On 09/08/2023 07:11, Yin Fengwei wrote:
> It will be used to check whether the folio is mapped to specific
> VMA and whether the mapping address of folio is in the range.
> 
> Also a helper function folio_within_vma() to check whether folio
> is in the range of vma based on folio_in_range().
> 
> Signed-off-by: Yin Fengwei <fengwei.yin@intel.com>
> ---
>  mm/internal.h | 35 +++++++++++++++++++++++++++++++++++
>  1 file changed, 35 insertions(+)
> 
> diff --git a/mm/internal.h b/mm/internal.h
> index 154da4f0d557..5d1b71010fd2 100644
> --- a/mm/internal.h
> +++ b/mm/internal.h
> @@ -585,6 +585,41 @@ extern long faultin_vma_page_range(struct vm_area_struct *vma,
>  				   bool write, int *locked);
>  extern bool mlock_future_ok(struct mm_struct *mm, unsigned long flags,
>  			       unsigned long bytes);
> +
> +static inline bool
> +folio_in_range(struct folio *folio, struct vm_area_struct *vma,
> +		unsigned long start, unsigned long end)

I still think it would be beneficial to have a comment block describing the
requirements and behaviour of the function:

 - folio must have at least 1 page that is mapped in vma
 - the result tells you if the folio lies within the range, but it does not tell
you that all of its pages are actually _mapped_ (e.g. they may not have been
faulted in yet).

 - I think [start, end) is intended intersect with the vma too? (although I'm
pretty sure sure the logic works if it doesn't?)

> +{
> +	pgoff_t pgoff, addr;
> +	unsigned long vma_pglen = (vma->vm_end - vma->vm_start) >> PAGE_SHIFT;
> +
> +	VM_WARN_ON_FOLIO(folio_test_ksm(folio), folio);
> +	if (start > end)
> +		return false;
> +
> +	if (start < vma->vm_start)
> +		start = vma->vm_start;
> +
> +	if (end > vma->vm_end)
> +		end = vma->vm_end;
> +
> +	pgoff = folio_pgoff(folio);
> +
> +	/* if folio start address is not in vma range */
> +	if (!in_range(pgoff, vma->vm_pgoff, vma_pglen))
> +		return false;
> +
> +	addr = vma->vm_start + ((pgoff - vma->vm_pgoff) << PAGE_SHIFT);
> +
> +	return !(addr < start || end - addr < folio_size(folio));
> +}
> +
> +static inline bool
> +folio_within_vma(struct folio *folio, struct vm_area_struct *vma)

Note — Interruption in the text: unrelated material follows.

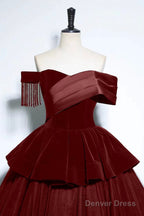 Burgundy Velvet And Tulle Long Prom Dress, A Line Off The Shoulder Prom Dresses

why call this *within* but call the folio_in_range() *in*? Feels cleaner to use
the same word for both.

> +{
> +	return folio_in_range(folio, vma, vma->vm_start, vma->vm_end);
> +}
> +
>  /*
>   * mlock_vma_folio() and munlock_vma_folio():
>   * should be called with vma's mmap_lock held for read or write,



^ permalink raw reply	[flat|nested] 6+ messages in thread

* Re: [PATCH v2 1/3] mm: add functions folio_in_range() and folio_within_vma()
  2023-08-09 19:34   ` Ryan Roberts
@ 2023-08-10  1:30     ` Yin Fengwei
  0 siblings, 0 replies; 6+ messages in thread
From: Yin Fengwei @ 2023-08-10  1:30 UTC (permalink / raw)
  To: Ryan Roberts, linux-mm, linux-kernel, akpm, yuzhao, willy, hughd,
	yosryahmed, david, shy828301



On 8/10/23 03:34, Ryan Roberts wrote:
> On 09/08/2023 07:11, Yin Fengwei wrote:
>> It will be used to check whether the folio is mapped to specific
>> VMA and whether the mapping address of folio is in the range.
>>
>> Also a helper function folio_within_vma() to check whether folio
>> is in the range of vma based on folio_in_range().
>>
>> Signed-off-by: Yin Fengwei <fengwei.yin@intel.com>
>> ---
>>  mm/internal.h | 35 +++++++++++++++++++++++++++++++++++
>>  1 file changed, 35 insertions(+)
>>
>> diff --git a/mm/internal.h b/mm/internal.h
>> index 154da4f0d557..5d1b71010fd2 100644
>> --- a/mm/internal.h
>> +++ b/mm/internal.h
>> @@ -585,6 +585,41 @@ extern long faultin_vma_page_range(struct vm_area_struct *vma,
>>  				   bool write, int *locked);
>>  extern bool mlock_future_ok(struct mm_struct *mm, unsigned long flags,
>>  			       unsigned long bytes);
>> +
>> +static inline bool
>> +folio_in_range(struct folio *folio, struct vm_area_struct *vma,
>> +		unsigned long start, unsigned long end)
> 
> I still think it would be beneficial to have a comment block describing the
> requirements and behaviour of the function:
Definitely. Thanks a lot for reminding me again.

> 
>  - folio must have at least 1 page that is mapped in vma
This is typical usage. 

>  - the result tells you if the folio lies within the range, but it does not tell
> you that all of its pages are actually _mapped_ (e.g. they may not have been
> faulted in yet).
Exactly. Something like following:

This function can't tell whether the folio is fully mapped in the range as it
doesn't check whether all pages of filio are associated with page table of VMA.
Caller needs to do page table check if it cares about the fully mapping.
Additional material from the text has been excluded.